To those legislators who have not previously concerned themselves with understanding gender identity, I say now is the time for understanding. For long centuries, transgender expression was seen as a version of gay expression, and it only in the past fifty years that the two began to be considered separate. (The history of this is clear.) In fact, the first statute on this issue, Minnesota's 1975 statute, subsumed gender identity in its definition of "affectional preference." (Minneapolis Municipal Code, Title 7, Chapter 139.20 Affectional preference: Having or manifesting an emotional or physical attachment to another consenting person or persons, or having or manifesting a preference for such attachment, or having or projecting a self-image not associated with one's biological maleness or one's biological femaleness.) However, as the 60s turned into the 70s, the idea that being gay and being transsexual were qualitatively different came to be increasingly regarded as true, and that generation of gay men, lesbians and transsexuals are ones who, in my experience, are most likely to hold it. This idea had taken firm root by the 80s, and the first statute to explicitly refer separately to the term "gender identity" appeared in Seattle in 1986. Thus, the idea that "sexual orientation" and "gender identity" are severable is one with great appeal to those coming of age at that time.

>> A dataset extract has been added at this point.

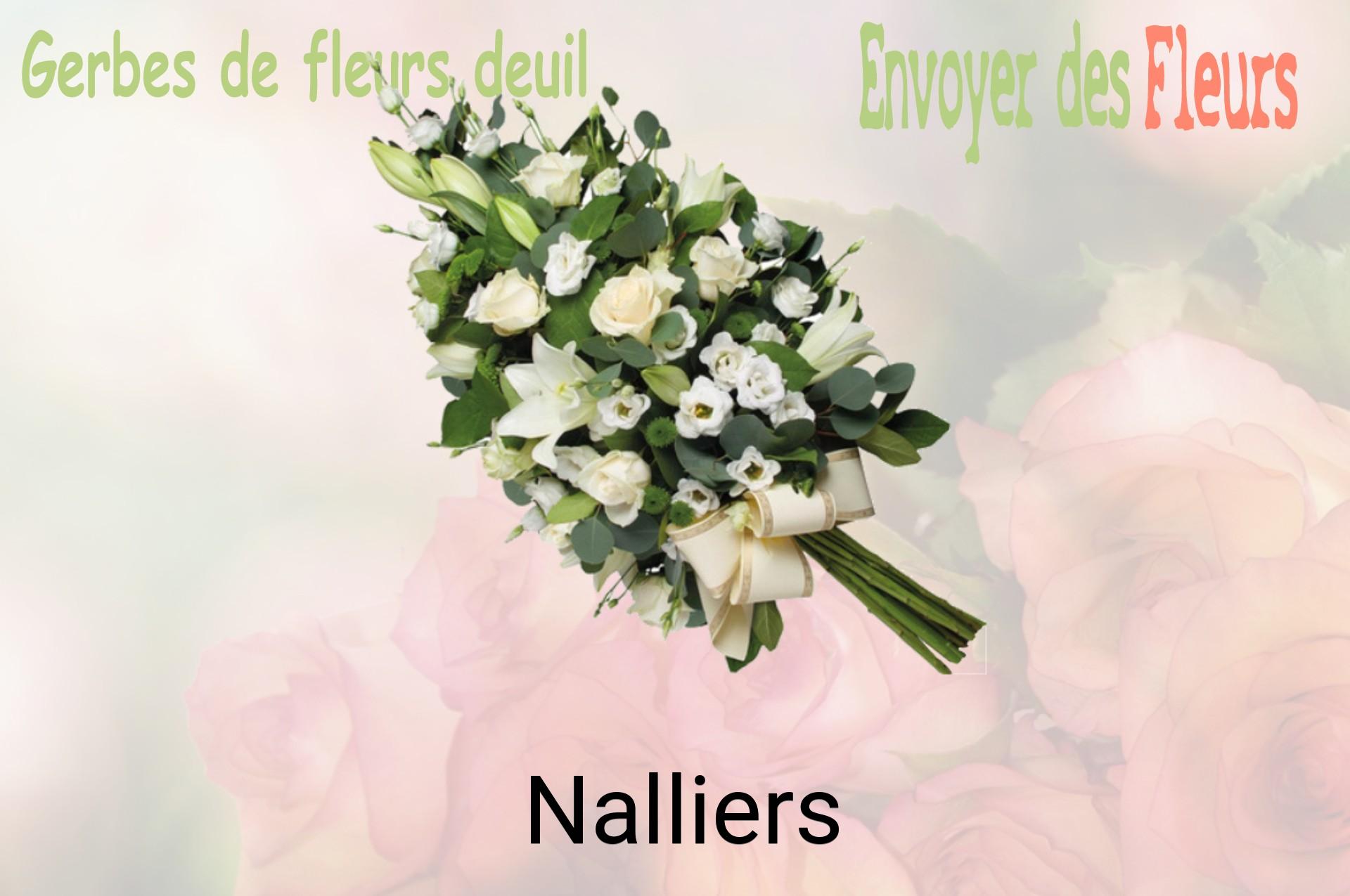 Gerbe de fleurs de deuil livrée à Nalliers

The younger generation, however, may not all hold this opinion so firmly. In my recent article in The Journal of Lesbian Studies, I point out that there are signs of a growing convergence between sexual orientation and gender identity among the younger generation, such as changing meanings of ‘lesbian’ and ‘FTM’, blending of sexuality and gender, and understanding these as personal, rather than identity, differences. The tension between identities, the need to distinguish clearly between them, and the arguments about who is ‘really’ lesbian or ‘really’ transgender are increasingly unimportant to a new generation. Thus, the notion that sexual orientation and gender identity are completely unrelated is increasingly rejected by the next generation of the queer community. To them, the idea of a radical separation between sexual orientation and gender identity held by their elders appears bizarre and dated.

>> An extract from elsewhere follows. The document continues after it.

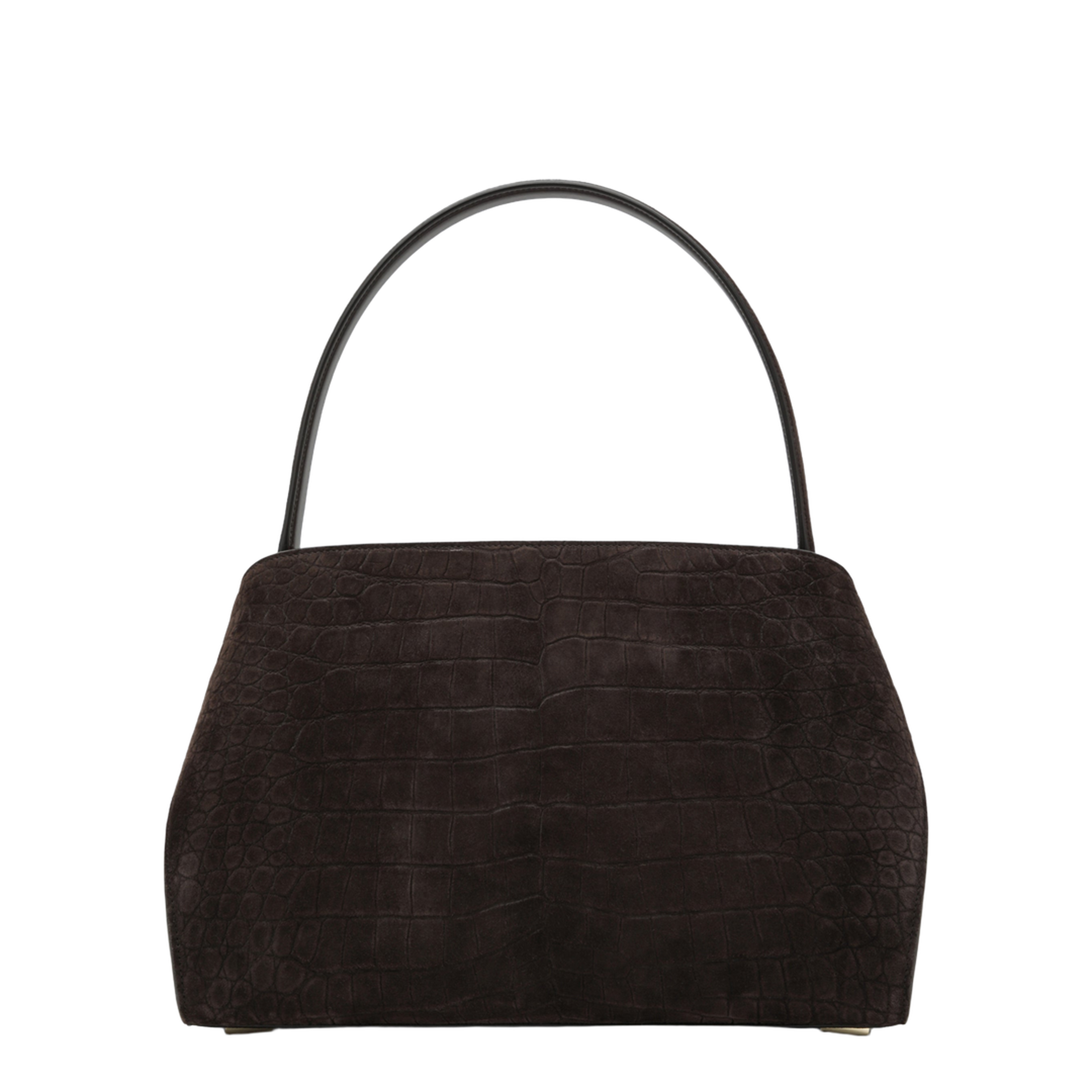 Hug Soft Medium Velvet Shoulder Bag - Nero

I am not arguing that one should conflate sexual orientation and gender identity. However, the idea that gender identity has no relationship whatsoever to sexual orientation is problematic (and, in many parts of the world, clearly incorrect). Riki Wilchins of GenderPAC has argued forcefully and, I believe, correctly, that "gender is a gay issue," meaning that the oppression of gays and lesbians occur primarily because of their failure to fit into stereotypical gender norms. In other words, the oppression of gays and lesbians occurs primarily when straight people see an effeminate gay man or a masculine lesbian -- when their gendered behavior is in question. Such oppression is not on the basis of sexual orientation, because it is not based on that person’s partner, but that person’s gender expression. Thus, not only transgenders, but also gays and lesbians are oppressed on the basis of gender, making gender a gay issue.

To those legislators who are now trying to figure out the significance of gender identity in ENDA, I suggest that they begin to understand it, not as a separate category to be accommodated as a form of identity politics, but as an intrinsic moiety of the larger whole that is the GLBT community. The question is not, "what is gender identity?" but rather, "what is sexual orientation without gender identity?"

I say it is the sound of one hand clapping.